The Hoover Institution hosts "Countering Capture:  A Political Theory of Corporate Criminal Liability" on Monday, October 25, 2021 at 1:00 PM PT | 4:00 PM PT.

Governments cannot effectively deter corporate crime unless they hold both individual wrongdoers and corporations liable for corporate misconduct. Some economic analysis of law scholars argue, however, that corporations should only be subject to civil liability, as both civil and criminal can be used to impose substantial monetary penalties on firms.
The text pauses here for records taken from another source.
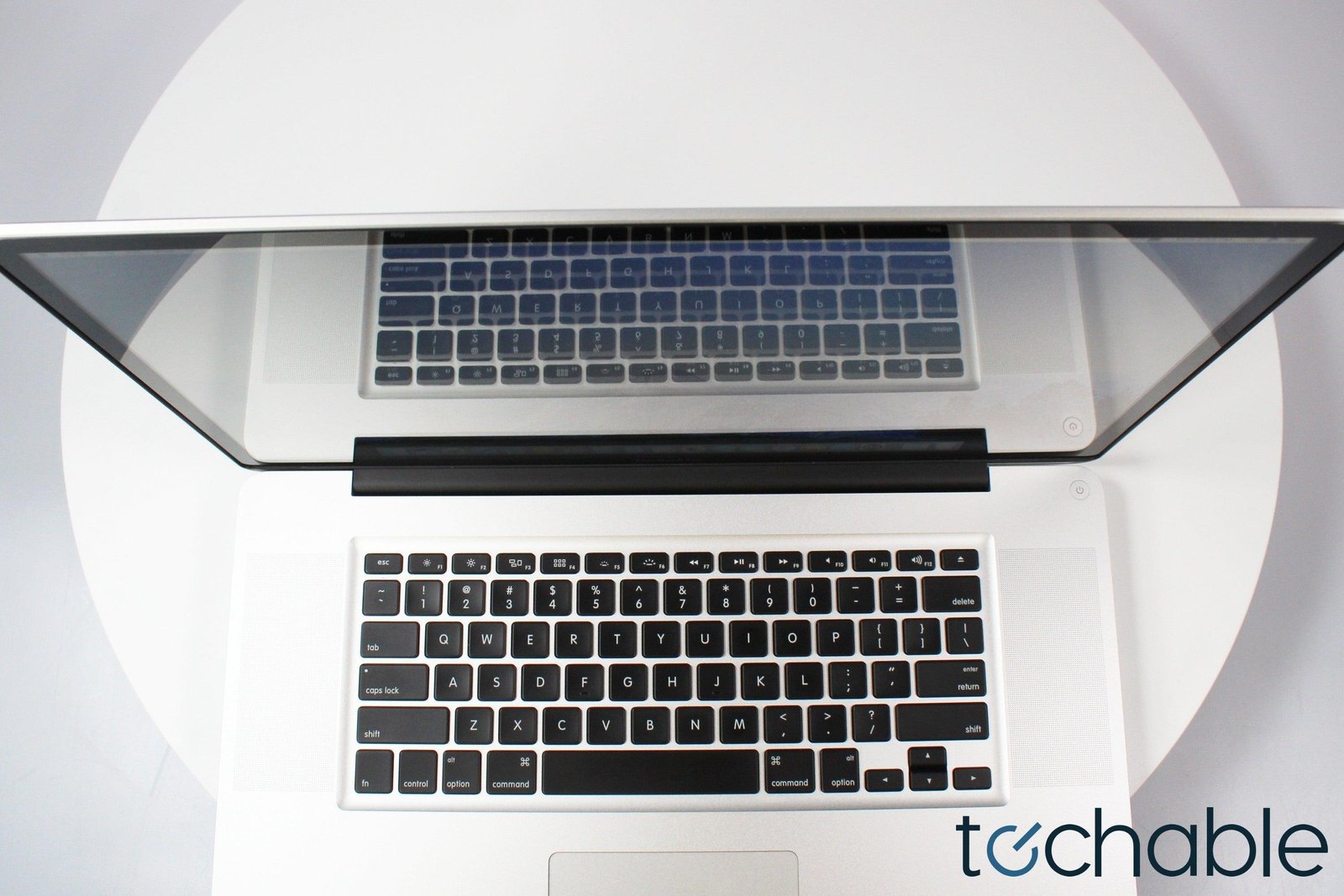 Apple Macbook Pro 2010 17-Inch - Image 5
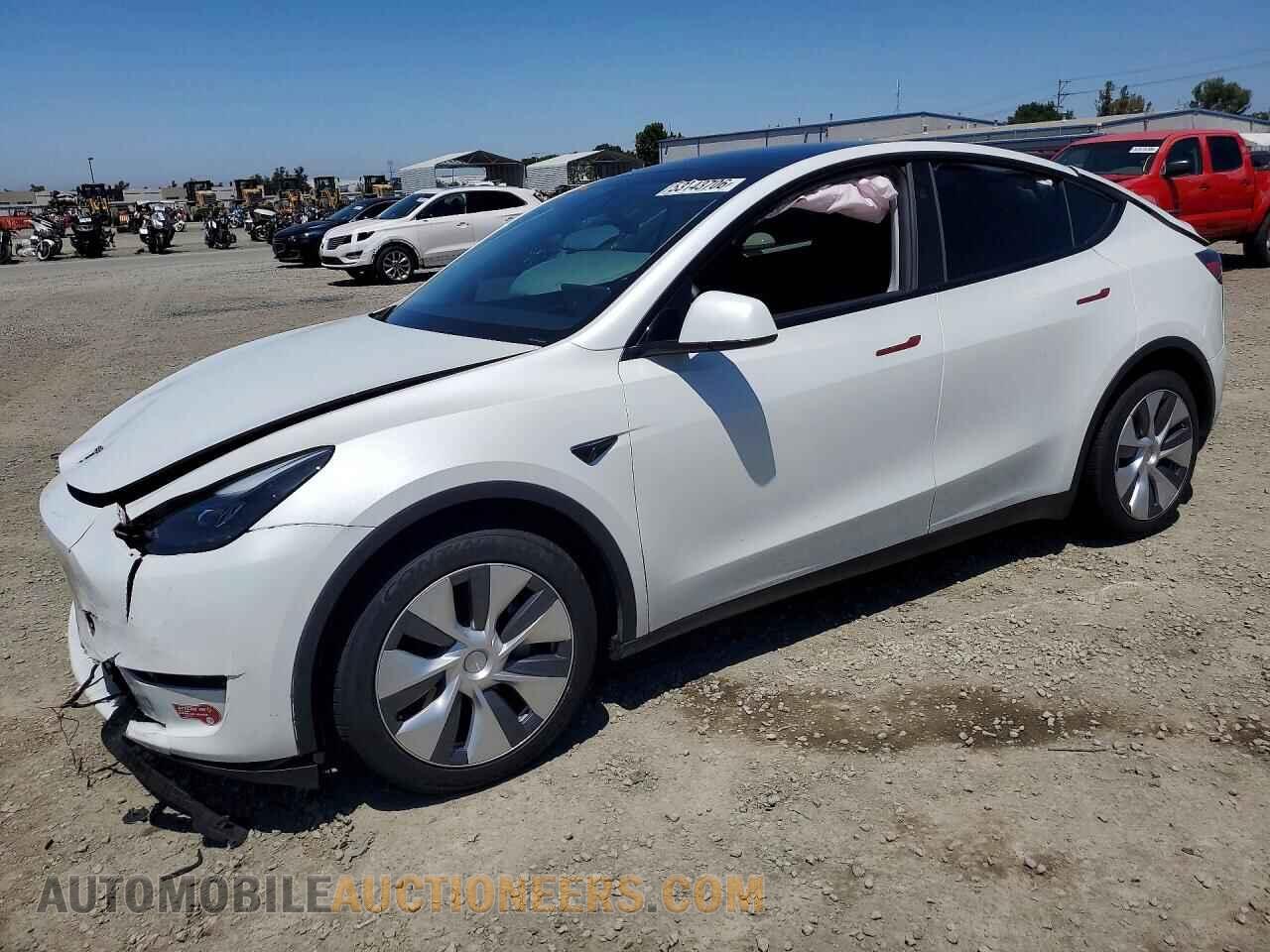 7SAYGDEE7RF090338 TESLA MODEL Y 2024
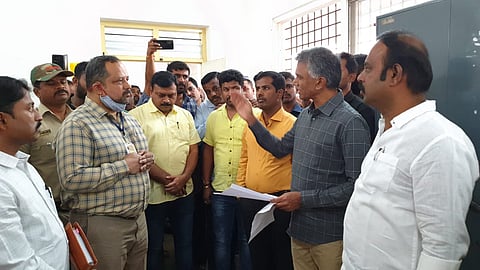 ಮದ್ದೂರು ತಾಲೂಕಿನ ಉಪ ನೋಂದಣಿ ಕಚೇರಿಯಲ್ಲಿ ಉಪ ನೊಂದಣಿ ಅಧಿಕಾರಿ ದಿನೇಶ್ ಅವರನ್ನು ಕಂದಾಯ ಸಚಿವ ಕೃಷ್ಣ ಬೈರೇಗೌಡ ಸಾರ್ವಜನಿಕರ ಎದುರಲ್ಲೇ ತರಾಟೆಗೆ ತೆಗೆದುಕೊಂಡರು. ಕೆ.ಎಂ.ಉದಯ್, ಡಾ.ಕುಮಾರ್, ಶಿವಮೂರ್ತಿ, ಕೆ.ಎಸ್.ಸೋಮಶೇಖರ್ ಇದ್ದರು.
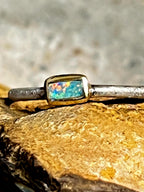 Australischer Opal in 18kt Goldvermeil Sterlinsilberring deutsche Handarbiet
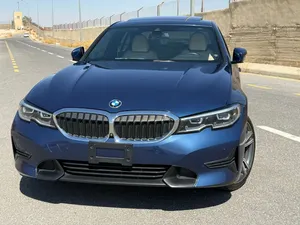 BMW 330e  2021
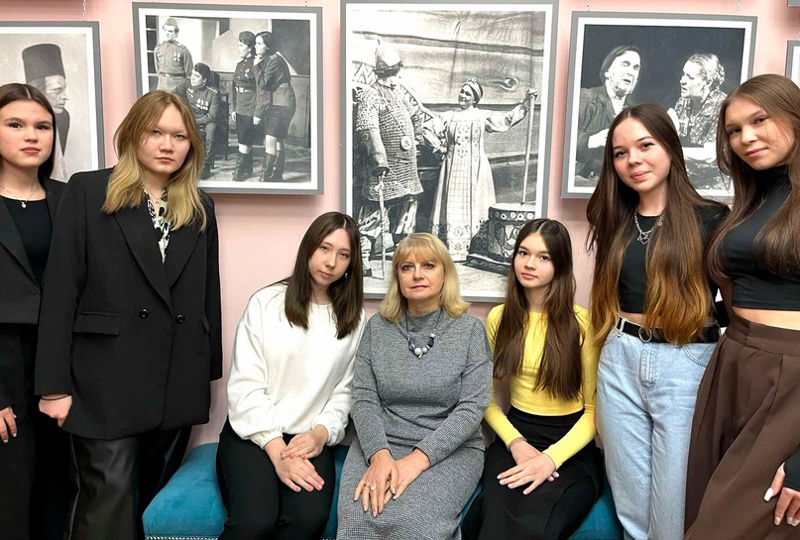 29 февраля обучающиеся 9а класса МАОУ «СОШ 40» г.Чебоксары посетили премьеру спектакля «Пиковая дама» в Русском драматическом театре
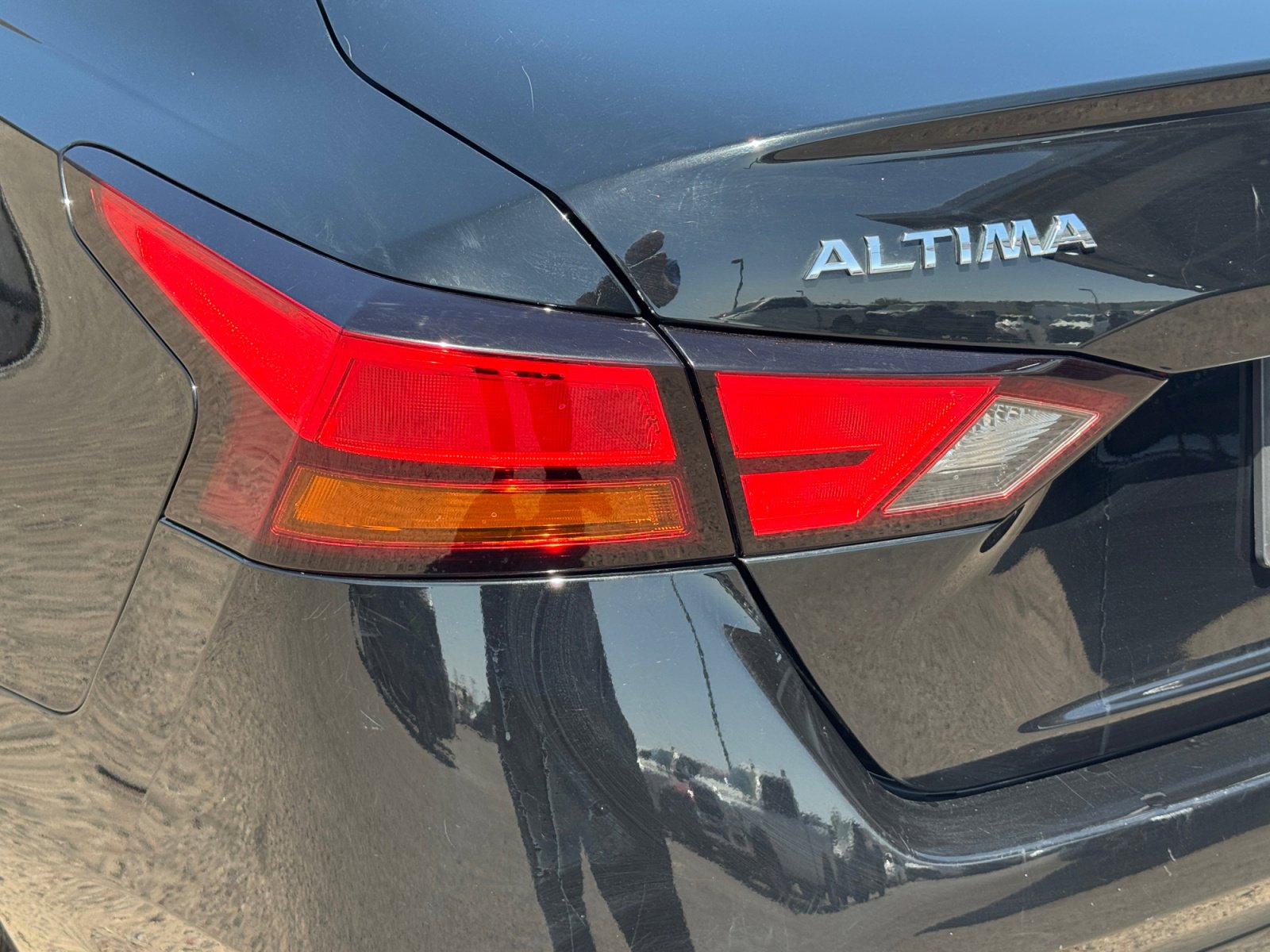 Used 2022 Nissan Altima 2.5 SV FWD image 12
This Article shows that this claim ignores an important difference between criminal and civil enforcement: Civil enforcement is less likely to be effective because civil enforcement is more vulnerable to capture by large corporations than is criminal enforcement. Moreover, it shows that the joint use of criminal and civil corporate liability enhances enforcement by both enabling corporate enforcement by federal prosecutors, who are more insulated from capture, and by enabling coordinated enforcement that renders civil enforcement more effective and less vulnerable to capture.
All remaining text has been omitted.